Seeing the photos, Guarany, Dora’s partner in exile, tears up and says he had preferred not to keep pictures of her (with one exception). Espinosa observes that in the ID photo Dops took of him, his neck looks very bloody—a sign of torture. Guarany sees for the first time a photo taken at Rio de Janeiro’s Galeão Airport in 1970 in which he appears among the group of political prisoners exchanged in return for the release of Giovanni Bucher, the Swiss ambassador to Brazil, kidnapped by guerrillas.

So rich and revealing is the material gathered by Leandro that, from the sequence of photos taken by a police officer who was observing Dora’s movements, it is possible to follow the path she took when she left her home in Rio de Janeiro one morning. However, the idea that the files can by themselves accurately reconstitute history is questioned by the director herself, partly because many of the documents are in extremely poor condition. “The current practice among producers of documentaries, when putting together a file, is to create a text that unifies the discourse and then use the pictures to illustrate it,” Leandro says. “But those images that are left over create irremediable gaps and so I tried to show that those gaps are part of the narrative.” The tack she took was to insert intervals during which the screen appears completely black. “That method emphasizes the uniqueness of each picture and its specific documentary value.”

Chael Schreier, whose death the film investigates

Public domain imagesChael Schreier, whose death the film investigatesPublic domain images

Leandro believes that films can be historic documents even though they are not in the “finished” form of a compendium or a thesis derived from archives in text form. “Photos do not convey information as immediately as text does; they require a more attentive, prolonged, look,” she says. Evidence of the cinema’s power to explain the past is that the film has proven that Chael Schreier’s death was not, as the official version maintained, the result of wounds suffered in a confrontation with police, inasmuch as documents from the files of the medical examiner’s office, the Instituto Médico Legal (IML), do not mention any injury. In the film, Espinosa describes the torture sessions he experienced alongside Schreier and Dora (his partner at the time). Also part of the film are excerpts from interviews with the former guerrilla while in exile, one for a Chilean documentary and another for an American one, in which she talks about Schreier. The material that Leandro gathered about the dead guerrilla was requested by the National Truth Commission (CNV), instituted by President Dilma Rousseff. Subsequently Army Captain Celso Lauria, who signed the report by the Military Police Inquiry into the death of Schreier, was summoned to testify to the CNV, but did not appear.
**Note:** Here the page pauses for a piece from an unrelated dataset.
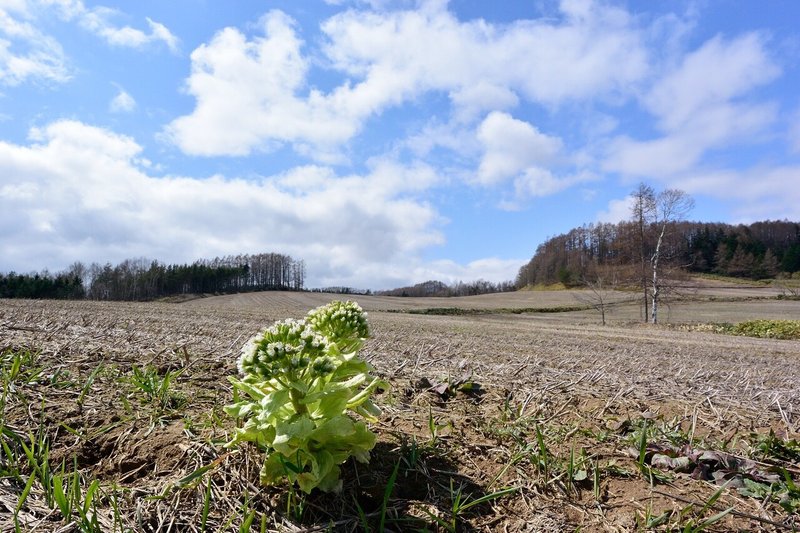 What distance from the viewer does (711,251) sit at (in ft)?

Leandro began the research that resulted in the film—and an exhibit staged in Rio de Janeiro in 2014—during her graduate program at ECO-UFRJ for a study about the filmed word and the publishing of archived material in documentary films. She chose to focus on the military dictatorship and human rights violations during that period because of her interest in an era that she believes is little known, or even ignored, by most Brazilians. Initially produced with her own funds, the film obtained a grant to cover the costs of finalization (about one third of the total budget) from a partnership between the Ministry of Justice’s Amnesty Commission and the UFRJ. Retratos de identificação has been shown as part of exhibits in Brazil and abroad, but there are no firm plans to show it on the commercial circuit.